**Task objective**
For the material below, return exactly the lines starting at the line containing "map of restaurants, bars, coffee" and ending at the line containing "penguin wearing a hoodie sticker", both ends included, and no others.

**Record set**
[Start of section]

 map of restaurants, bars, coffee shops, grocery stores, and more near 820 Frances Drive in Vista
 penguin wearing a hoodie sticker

[End of section]
[Start of section]

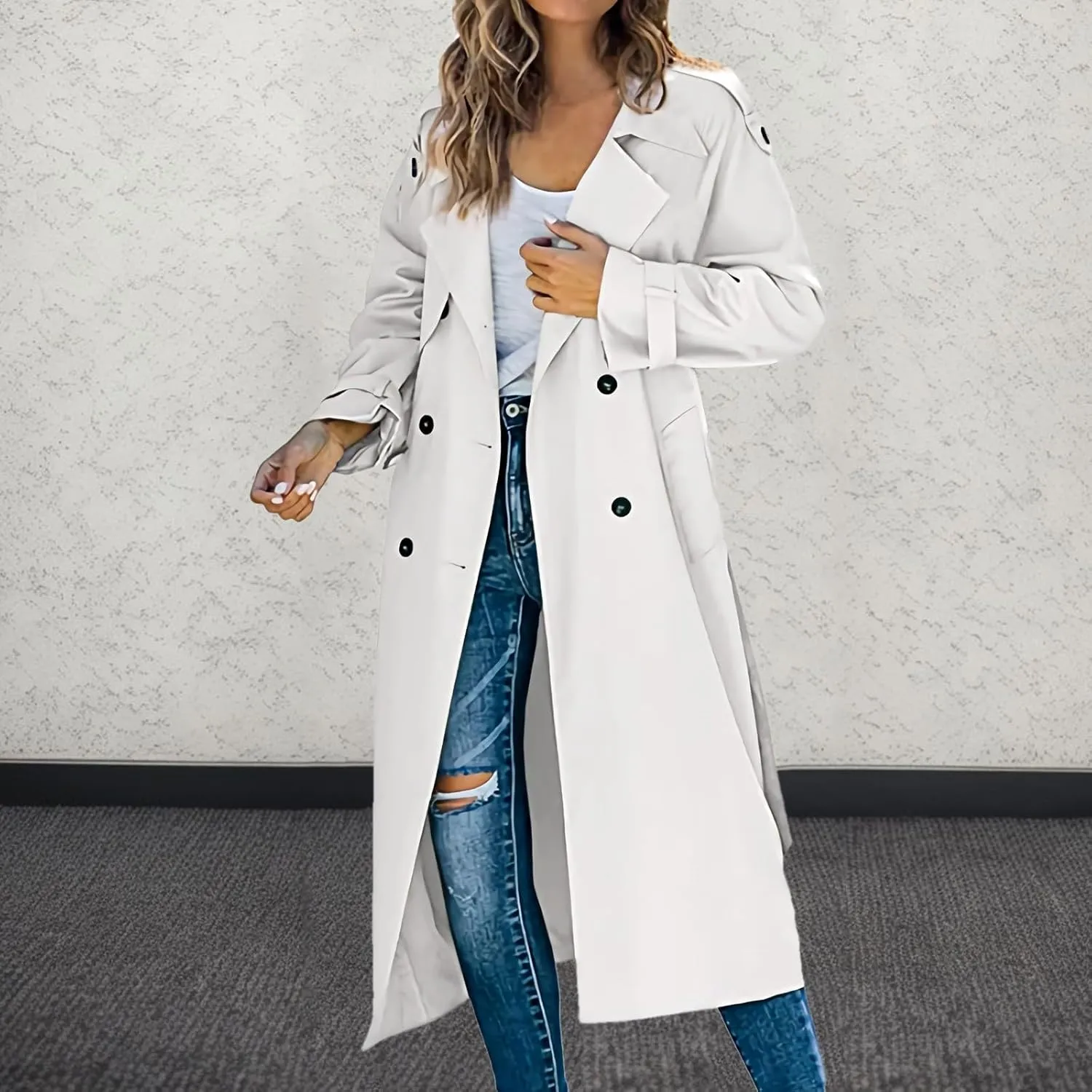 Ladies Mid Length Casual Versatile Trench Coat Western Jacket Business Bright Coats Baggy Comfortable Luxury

[End of section]

**Completed task**
 map of restaurants, bars, coffee shops, grocery stores, and more near 820 Frances Drive in Vista
 penguin wearing a hoodie sticker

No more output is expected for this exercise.